Meet Seleno – The Groundbreaking Electric Dog

Imagine it‘s 1912 and you‘ve been invited to witness an astonishing new invention – a machine that reacts to light like a living animal. As flashes illuminate its eyes, this "Electric Dog" starts wheeling across the floor, chasing the light like a pet following its master. Meet Seleno, brought to life by two pioneers in what they termed "radiodynamics" – the wireless control of machines.

Who Created Seleno the Electric Dog

The Electric Dog was the brainchild of innovators John Hays Hammond Jr. (1888–1965) and Benjamin Franklin Miessner (1890–1976). These young inventors were conducing groundbreaking experiments in radio-controlled torpedoes and vehicles. Their collaboration combined Hammond‘s family wealth and access to top-shelf materials with Miessner‘s engineering expertise.

Radiodynamics utilized primitive wireless signals to remotely steer machines like models ships and planes. But for their Electric Dog demonstration, Hammond and Miessner pioneered self-directing movement – creating an automaton that could react on its own using built-in sensors. Their self-acting creation presaged modern autonomous robots and vehicles.

Selenium Light Reaction

| Condition | Electrical Resistance |
Dark | High resistance |
Light | Resistance drops dramatically |

Harnessing the Power of Selenium

Hammond and Miessner constructed their Electric Dog using selenium, a somewhat obscure metalloid element priced at $3 per ounce in 1912. Unlike most materials, selenium exhibits a dramatic change when exposed to light – its electrical resistance plummets. This photoelectric reaction occurs because light energizes electrons in selenium, making it easier for current to flow.
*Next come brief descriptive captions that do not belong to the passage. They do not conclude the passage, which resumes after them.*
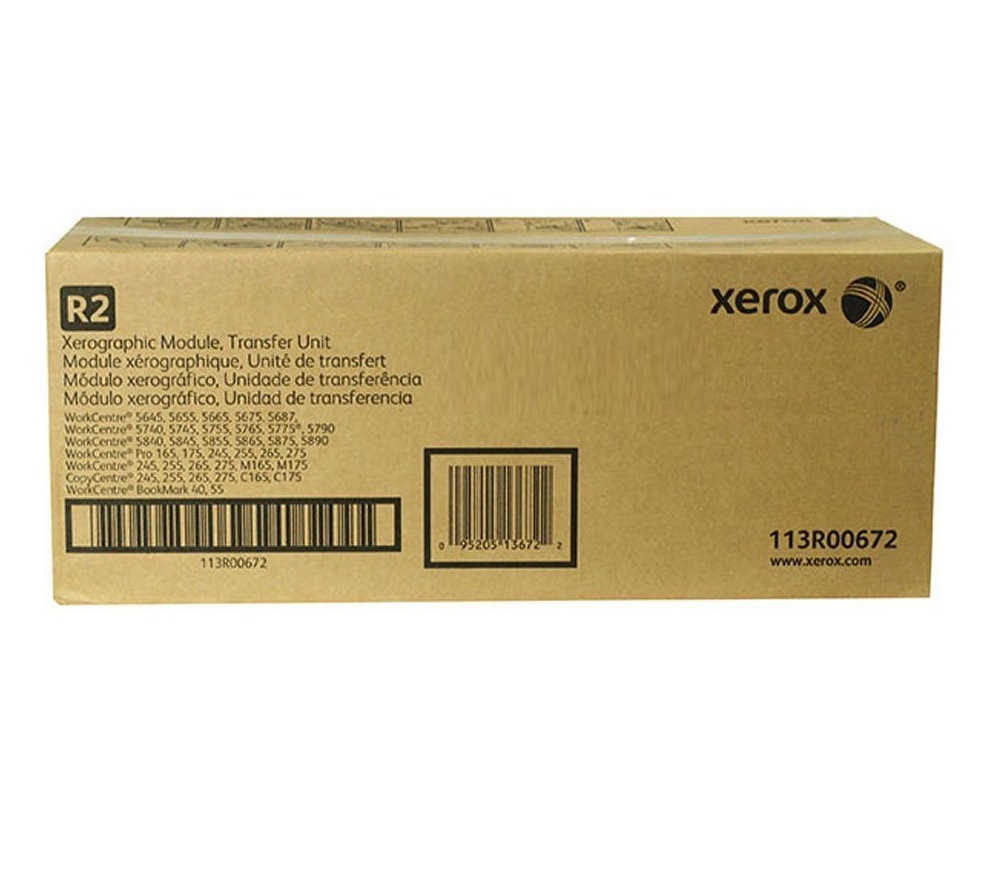 Xerox originální válec 113R00672, black, 400000str., Xerox WC 245, 255.
Prečo kúpiť našu originálnu valcovú jednotku Xerox?
 

Originálna valcová jednotka = záruka priamo od výrobcu tlačiarne
100% použitie v tlačiarni - bezproblémové fungovanie s vašou tlačiarňou
Použitím originálneho valca predlžujete životnosť tlačiarne
Osvedčená špičková kvalita - originálna tlačová (valcová) kazeta poskytuje mimoriadne výsledky
Trvalé a profesionálne výsledky tlače - dlhodobá udržateľnosť tlače
Produktivita tlače - rovnaká tlač počas celej životnosti valca
Maximálne jednoduchá obsluha rovná sa efektívna tlač
Garancia Vašej spokojnosti pri použití našej originálnej valcovej jednotky
Zabezpečujeme bezplatnú recykláciu originálnych náplní
113R00672
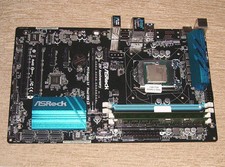 Asrock Z97 Anniversary LGA1150 Motherboard + CPU + 4GB RAM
Let‘s pause to appreciate how incredible early 20th century discoveries into elements like selenium truly were. Remember, the structure of atoms and the nature of electricity were just being uncovered by pioneering scientists. Each new reaction hinted at potentials that seemed almost magical at the time.

The duo realized that selenium‘s unusual qualities perfectly suited their aspirations for a light-responsive, self-directing machine. Tiny selenium cells would serve as the Electric Dog‘s "eyes".
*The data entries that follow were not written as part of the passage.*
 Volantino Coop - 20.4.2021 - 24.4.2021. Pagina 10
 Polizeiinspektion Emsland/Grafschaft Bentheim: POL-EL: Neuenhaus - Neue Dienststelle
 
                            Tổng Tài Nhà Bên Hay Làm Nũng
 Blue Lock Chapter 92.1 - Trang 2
[Diagram of Electric Dog internal components]

Bringing Seleno the Electric Dog to Life

To animate their invention, Miessner carefully connected the selenium cells to motors and batteries within the vehicle frame. Flashing light into the glass eye sockets lowered resistance in the cells, closing circuits to propel the attached wheels forward. Adjusting the angle of light caused the Electric Dog to alter direction, pursuing the illumination like a pet chasing its owner.

Let‘s imagine witnessing this groundbreaking first demonstration. We eagerly crowd as Miessner activates Seleno the Electric Dog before our very eyes…
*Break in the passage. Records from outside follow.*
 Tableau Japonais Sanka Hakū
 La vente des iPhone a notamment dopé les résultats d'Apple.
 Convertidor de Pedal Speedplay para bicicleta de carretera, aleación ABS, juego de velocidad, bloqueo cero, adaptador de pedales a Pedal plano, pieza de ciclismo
A flash illuminates the machine‘s eyes – suddenly it lurches into motion! The uncanny contraption rolls steadily toward our inventor as he waves the light. We gasp seeing this "creature" respond and give pursuit – its movement seems alive! Miessner deftly shifts the flashing beam and Seleno pivots after it – the Electric Dog trails its master around the room like a trained pet. Murmured exclamations of wonder sweep through the gathered crowd.

What must it have been like seeing this pioneering self-directed device react intelligently for the first time? Now picture a modern visitor watching Seleno spring to life – they‘d instantly recognize an early robotic precursor to modern autonomous machines!

Pioneering a Revolution in Robotics

Hammond and Miessner understood Selenium‘s potential far surpassed short-term scientific curiosity. Their primitive Electric Dog established elementary principles for an entirely new generation of machines – self-acting automata.

Miessner envisioned Weaponizing his radio-dynamic discoveries as remotely guided vehicles and smart munitions. Why not construct torpedoes that could independently steer toward targets? He described remodeling Seleno as a "dog of war" able to home in on enemy ships. Modern cruise missiles and drones stem directly from the breakthroughs first demonstrated by his ambitious Electric Dog prototype.

The inventive duo helped launch research into artificial intelligence and automation expanding rapidly in subsequent decades. Their small selenium robot – enthusiastically chasing light beams within a 1912 lab – foreshadowed seismic shifts in technology fundamentally changing how we live and work today.